China’s maritime claims in the South China Sea have long vexed neighbors and foes alike.

Beijing’s specific legal formulation – “China has indisputable sovereignty over the islands in the South China Sea and the adjacent waters, and enjoys sovereign rights and jurisdiction over the relevant waters as well as the seabed and subsoil thereof … [and which is] supported by abundant historical and legal evidence” – is as imprecise as it is compliant with international law. Although China has recently spelt out the view that the Spratly Islands are entitled to full maritime zones, the status of the insular formations in the sea as well as the limits of the ‘relevant waters’ claim line to which it exercises sovereign rights and jurisdiction has been left vague.

This is par for the course for a South China Sea claimant. Unlike Manila, Hanoi and Kuala Lumpur, however, China has not been shy to enforce its writ to the extremity of claim (the nine-dash line), as a hardline expedient to signal displeasure with other claimants’ activities in these contested waters. Such enforcement actions appear to be based on extreme interpretations of the Law of the Sea (LOS) treaty, do not discriminate between conforming and non-conforming LOS-based functional competencies – fisheries, marine scientific research, etc. – in semi-enclosed seas and, on rare occasion, even transgress the boundaries of LOS. That the Chinese government has never published a law or decree giving the nine-dash lines any domestic legal significance, and the tendency of Chinese commentators to scour treaty and customary law to ferret out supporting rationalizations has compounded the impenetrability of the nine-dash line. (In fairness though, some Chinese scholars have been precise and consistent in their evaluation of the line.)

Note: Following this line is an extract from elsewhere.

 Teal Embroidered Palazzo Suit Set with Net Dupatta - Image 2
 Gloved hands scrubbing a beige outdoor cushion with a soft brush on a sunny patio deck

On Dec. 5, the State Department’s Bureau of Oceans and International Environmental and Scientific Affairs stepped into this legal morass by proffering its analysis of China’s maritime claims in the South China Sea, as part of its Limits in the Seas series. Unlike an earlier study of Taiwan’s claims which had skirted appraisal of the nine-dash line, (Taiwan and China’s positions on the line overlap significantly but not fully), the new study dwells specifically on the line’s consistency/inconsistency with international law. The study is a valuable tying together of many legal strands which seeks to demonstrate that the nine-dash line is, at minimum, an ambiguously tenable but insufficient basis for the exercise of sovereign jurisdiction in the South China Sea waters and, at worst, a wholly inconsistent basis for the exercise of such rights. Disappointingly though, the State Department study fails to come to conceptual grips – and thereby fails to rebut – the most compelling possible legal basis of the nine-dash line: the line as a geographic limit of China’s historically-formed and accepted traditional fishing rights in the semi-enclosed waters of the South China Sea which are exercised today on a non-exclusive and non-exclusionary basis (more on this below).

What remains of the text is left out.